*** Data provided ***

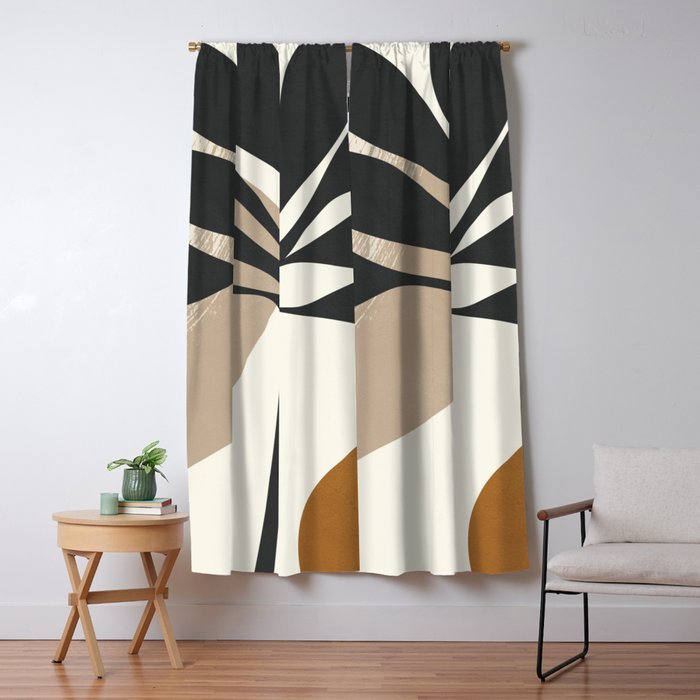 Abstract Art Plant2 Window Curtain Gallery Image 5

*** End of Data provided ***
*** Data provided ***

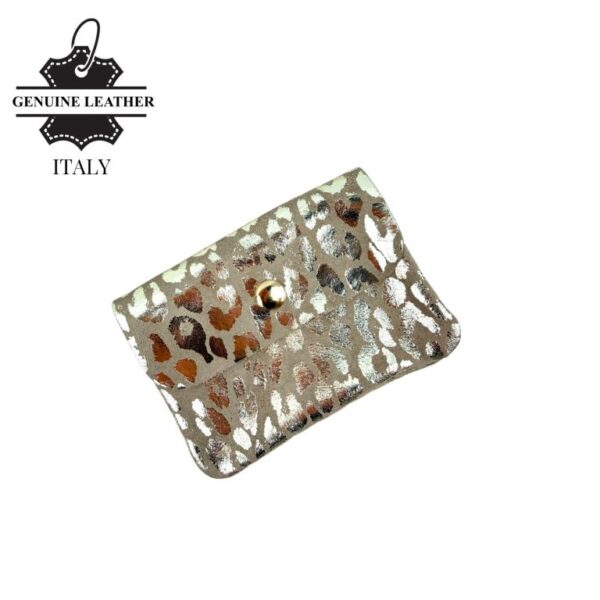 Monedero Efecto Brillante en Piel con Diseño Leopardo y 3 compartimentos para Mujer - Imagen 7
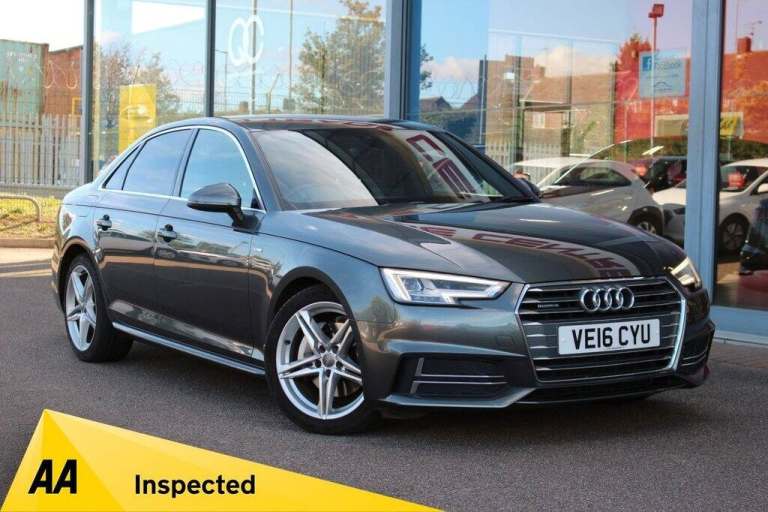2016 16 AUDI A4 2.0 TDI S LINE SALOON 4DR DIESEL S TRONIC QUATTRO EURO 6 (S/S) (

*** End of Data provided ***

**Task description**
Above are some records; extract exactly the lines from the one containing "Monedero Efecto Brillante" through the one containing "2016 16 AUDI" and drop the pictures.

**Exercise result**
 Monedero Efecto Brillante en Piel con Diseño Leopardo y 3 compartimentos para Mujer - Imagen 7
2016 16 AUDI A4 2.0 TDI S LINE SALOON 4DR DIESEL S TRONIC QUATTRO EURO 6 (S/S) (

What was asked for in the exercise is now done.